Diversified agriculture is a term that has enjoyed renewed popularity in recent months. As more and more acres of plantation lands are being pulled out of sugar production and, to a lesser extent, pineapple cultivation, the idea of replacing these monocrops with a more diverse range of produce appears to be gaining momentum.

In the dispute over what to do with water in the Waiahole Ditch in the post-sugar era, a number of land-owners in central O`ahu have pleaded with the state Commission on Water Resource Management to give diversified ag a chance before shutting off the water source.

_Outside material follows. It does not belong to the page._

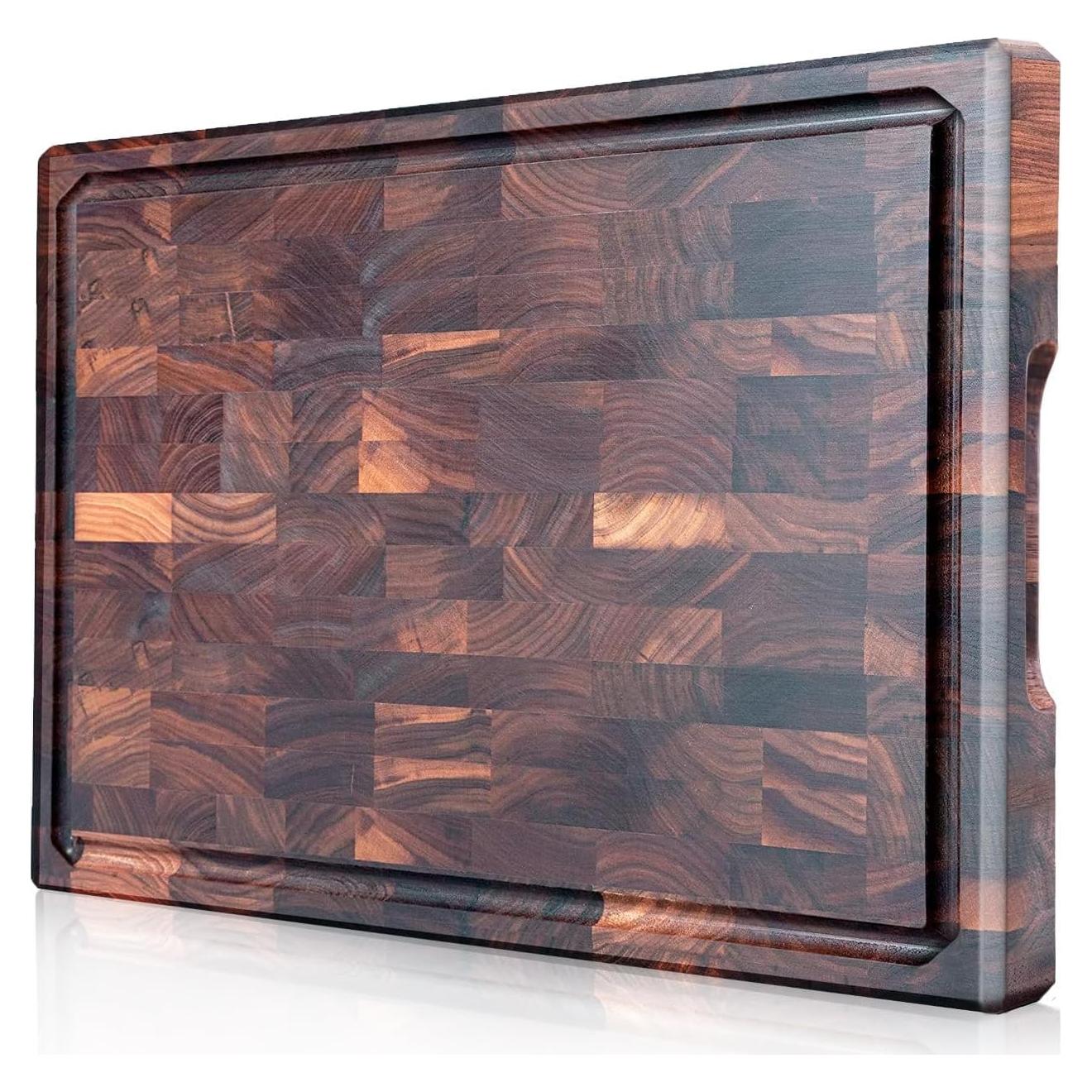 Tabla de Cortar Grande COCOBOSS de Nogal Negro 42x30 cm con Ranura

At the Water Commission’s meeting on Waiahole water held July 26, 1994, for example, Roger McCloskey of Del Monte’s fresh foods division, said he wanted Hawai`i to be “self-sufficient” and produce all the produce it uses. Last March, he said, Del Monte “in partnership with Frito-Lay, planted 20 acres in potatoes.” It was, he said, an “experimental planting” that turned out to be quite successful. “We’re considering planting 300 acres of potatoes and, eventually, 600 acres, to have a year-round supply of potatoes for chips.”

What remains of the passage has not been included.